Pada suatu hari selepas pulang sekolah, kegiatan menonton TV tidak boleh alfa dilakukan. Di dalam ruangan berukuran 5x4 meter, kami duduk dan menatap layar TV dengan tenang. Udara selalu terasa dingin di lereng Gunung Marapi. Siang hari itu hanya sedikit hawa panas menghangatkan tubuh kami. Dengan cekatan, kami memindah kanal TV sesuka hati. Cukup ditonton sekilas acara sebuah kanal lalu pencet untuk berpindah. Tapi, kebiasaan kami ini terhenti ketika layar menampilkan foto seseorang.
Dia terlihat muda. Maskulin. Garang. Sebab fotonya hitam-putih, jelaslah dia sudah lama meninggal. Kalaupun hidup, dia tinggal menunggu jatah. Lebih terkejut lagi, ketika kami membaca tulisan di dalam kolom berwarna biru laut itu. Si Binatang Jalang. Siapa binatangnya? Jekenapa jalang? Maksudnya, si pria di dalam foto itu binatang jalangm kami tidak paham.
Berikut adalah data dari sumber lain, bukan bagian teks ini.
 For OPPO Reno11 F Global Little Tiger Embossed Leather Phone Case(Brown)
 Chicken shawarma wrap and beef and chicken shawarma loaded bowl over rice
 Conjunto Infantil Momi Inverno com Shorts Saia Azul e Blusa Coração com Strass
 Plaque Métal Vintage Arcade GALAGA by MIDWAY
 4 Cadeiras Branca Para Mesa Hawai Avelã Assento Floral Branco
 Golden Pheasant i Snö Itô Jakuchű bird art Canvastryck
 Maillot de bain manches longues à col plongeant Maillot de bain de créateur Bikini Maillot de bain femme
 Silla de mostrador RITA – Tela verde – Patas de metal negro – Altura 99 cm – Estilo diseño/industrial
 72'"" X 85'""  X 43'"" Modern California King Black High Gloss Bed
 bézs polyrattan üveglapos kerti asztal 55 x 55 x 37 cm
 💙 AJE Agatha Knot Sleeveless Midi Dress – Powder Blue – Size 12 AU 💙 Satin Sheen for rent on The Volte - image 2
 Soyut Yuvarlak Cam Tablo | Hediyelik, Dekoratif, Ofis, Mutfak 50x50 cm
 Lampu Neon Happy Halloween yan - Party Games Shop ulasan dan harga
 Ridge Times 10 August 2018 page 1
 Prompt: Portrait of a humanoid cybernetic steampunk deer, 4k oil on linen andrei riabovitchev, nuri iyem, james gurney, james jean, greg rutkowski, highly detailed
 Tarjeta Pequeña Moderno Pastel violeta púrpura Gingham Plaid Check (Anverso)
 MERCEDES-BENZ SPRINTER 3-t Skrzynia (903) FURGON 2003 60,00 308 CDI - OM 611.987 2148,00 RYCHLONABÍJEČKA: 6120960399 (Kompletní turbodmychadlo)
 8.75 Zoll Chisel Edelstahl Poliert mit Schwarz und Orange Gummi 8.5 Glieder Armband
Sejenak, kami merelakan sekitar 30 menitan waktu kami untuk mengikuti narasi dari program tersebut. Tidak banyak yang kami pahami. Kecuali, ketika sebuah video hitam-putih menampilkan seorang pria muda mengucap sembari menunjuk langit. Di sebuah kota itu, orang-orang menatap pria itu dan terpana dibuatnya. Ketika pria itu menyuruh mereka masuk, maka mereka pun masuk. Mengikuti pria itu. Sebuah peragaan yang juga membuat kami terpana.
Setelah muadzin selesai menghimbau umat dari Masjid Asy Syifa, program TV yang identik dengan wajah rajawali itu turut usai. Sebuah makam diperlihatkan. Bernisan bertulisan Chairil Anwar. Narator berkata, Si Binatang Jalang telah menepati janjinya. Tepat 1000 bulan setelah puisinya, dia berpulang.